The final hurdle: Performance
Beyond the lack of functionality and apps, the final problem that plagues the first generation of Windows RT devices, which are powered by Nvidia’s Tegra 3 SoC, is performance. Despite the tweaks that Microsoft made, the Surface RT and other Tegra-powered tablets are very sluggish, experiencing major slowdowns when launching, switching between, or multitasking apps.
Fortunately, this problem has a very simple solution: Use an x86 SoC, such as Intel’s upcoming Bay Trail. Intel’s internal metrics, backed up by some leaked benchmarks, suggest that Bay Trail will outstrip every ARM SoC on the market, while consuming comparable amounts of power.

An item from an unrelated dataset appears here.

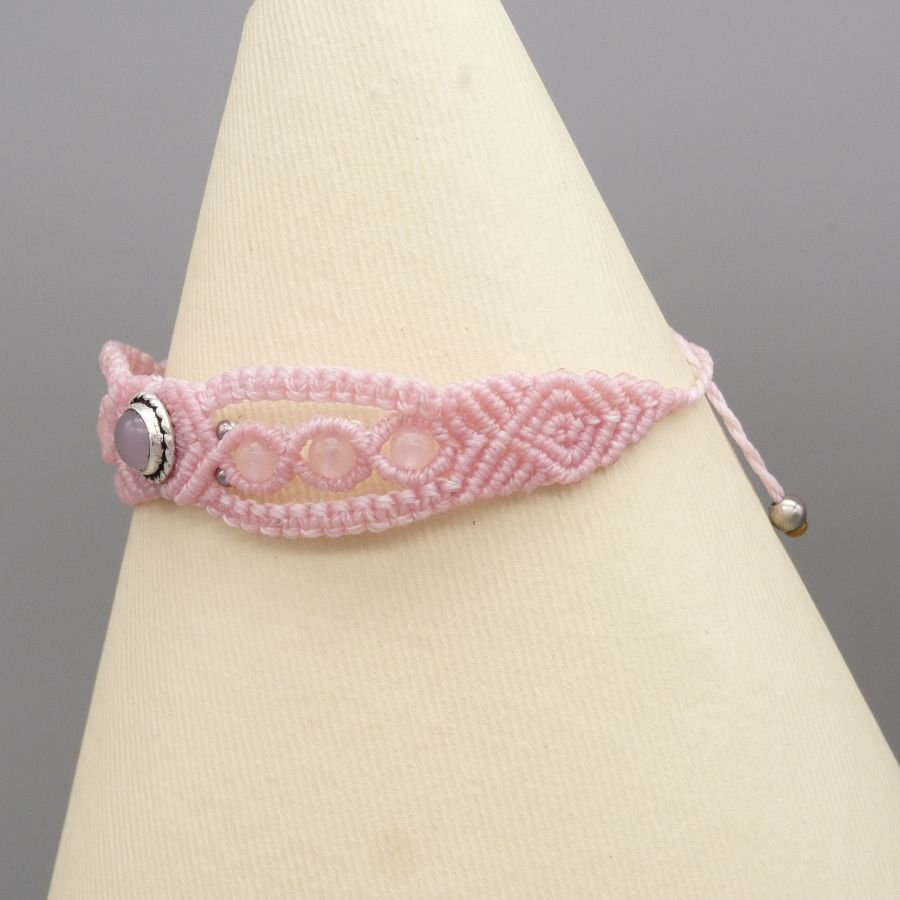 Rosa mikro-macramé armband med en rosa kvartssten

This winter, Microsoft and its OEMs could easily produce Windows RT tablets powered by an x86 chip. Heck, even the updated Surface RT 2, which is due around the same time as Windows 8.1, could use an x86 processor. If x86 is faster and has the same battery life, why would Microsoft or its OEMs not use it? You might point to ARM’s lower price, but let’s not forget that a year ago, Intel’s then-mobile chief Mike Bell said that the company “would not lose a design win on price.”
But why would I ever want a Windows RT tablet?

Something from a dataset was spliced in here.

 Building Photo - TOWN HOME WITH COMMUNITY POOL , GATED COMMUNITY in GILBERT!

At this point you’re probably wondering one thing: Why would you ever opt for Windows RT with its crippled feature set, over Windows 8.1 and its ability to run every Desktop program and game created in the last 10 years or so?
The answer is simple: On a touchscreen tablet, trying to prod your way around the Desktop and legacy apps that haven’t been updated for touch controls (i.e. most of them) is a lesson in frustrating futility. Tablet users really would prefer it if they could just stick to the Metro interface – which is why Microsoft focused heavily on the Windows 8.1 (and thus Windows RT 8.1) touchscreen experience. With the improved PC Settings (Metro Control Panel), better stock apps, a growing library of third-party apps, massively improved search, and better split-screening, the usefulness of the Desktop is rapidly declining.
Finally, here’s a chilling thought: If Windows RT is ported to x86, there’s a strong chance that the Desktop will be killed off completely. It might not happen with Windows 9 (or whatever Microsoft calls its future OS), but the writing is well and truly on the wall. Desktop and laptop PC sales have declined for five straight quarters, and they show no signs of improving. For now, this decline comes from prospective netbook and laptop buyers opting for a tablet instead – but as the technology, input methods, and range of apps improve, the bulk of the PC market will also make the switch.
The mouse-and-keyboard PC won’t just roll over and die, of course. There will still be some power users – gamers, sysadmins – who will try to hold onto the Windows Desktop, but it will be in vain. With the majority of the market using tablets and smartphones, the software industry will have no choice but to develop touch-oriented Metro-style apps. The Desktop will persist for as long as people install Windows XP, 7, and 8, but the lack of support from Microsoft and third-party developers will eventually force it into a marginalised, unhappy existence, probably assuming a position and role that’s comparable to modern-day Linux.